# Finally Got a new boat planning a trip late next week



## CaptAlex (Apr 26, 2013)

After two years of searching I finally pulled the trigger and purchased a 31 Rampage express...Ready to go.....Survived the Survey and sea trials and all fueled up.....Any reports on Swords, Tuna etc..recently moved back to Pensacola after several years in Texas and Caribbean.


----------



## samoajoe (Dec 28, 2010)

Awesome battle wagon! Bend a pole and let us know how she handled.


----------



## Chris V (Oct 18, 2007)

Great looking boat Alex! There aren't a ton of reports right now because the weather hasn't really allowed many reports to be made 

That will change for sure after this weekend


----------



## MSViking (Oct 11, 2007)

Congrats Alex!
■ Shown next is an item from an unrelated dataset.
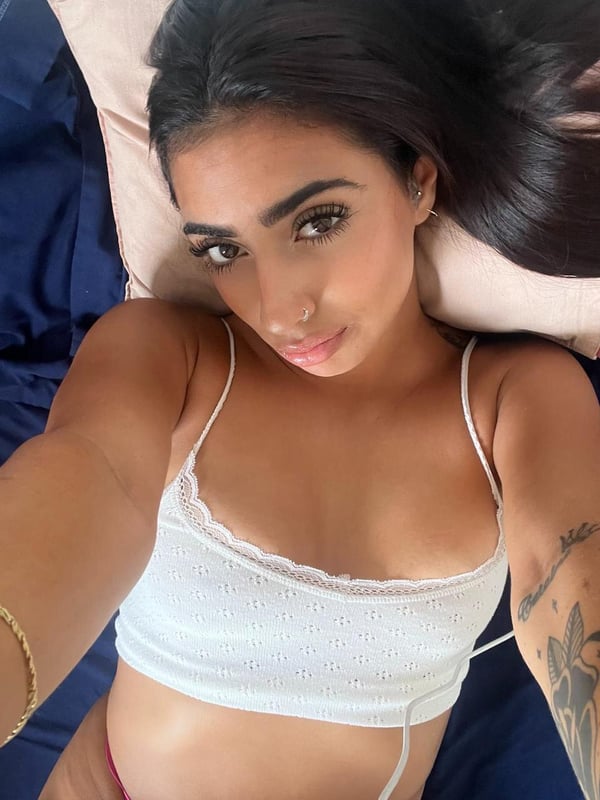 Young woman with long dark hair lying on a bed, wearing a delicate white lace top, smiling at the camera.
I have always liked the lines and looks of Rampage.

Robert


----------



## Frenchy (Oct 2, 2007)

Congrats on the new acquisition, nice setup, just curious, is this Jeff's boat, Gump on here ? All the best regardless and go catch them:thumbsup:


----------



## CaptAlex (Apr 26, 2013)

Thanks for all the kind words....The boat was owned by a partnership and I do believe Jeff (Currently overseas?) was one....


----------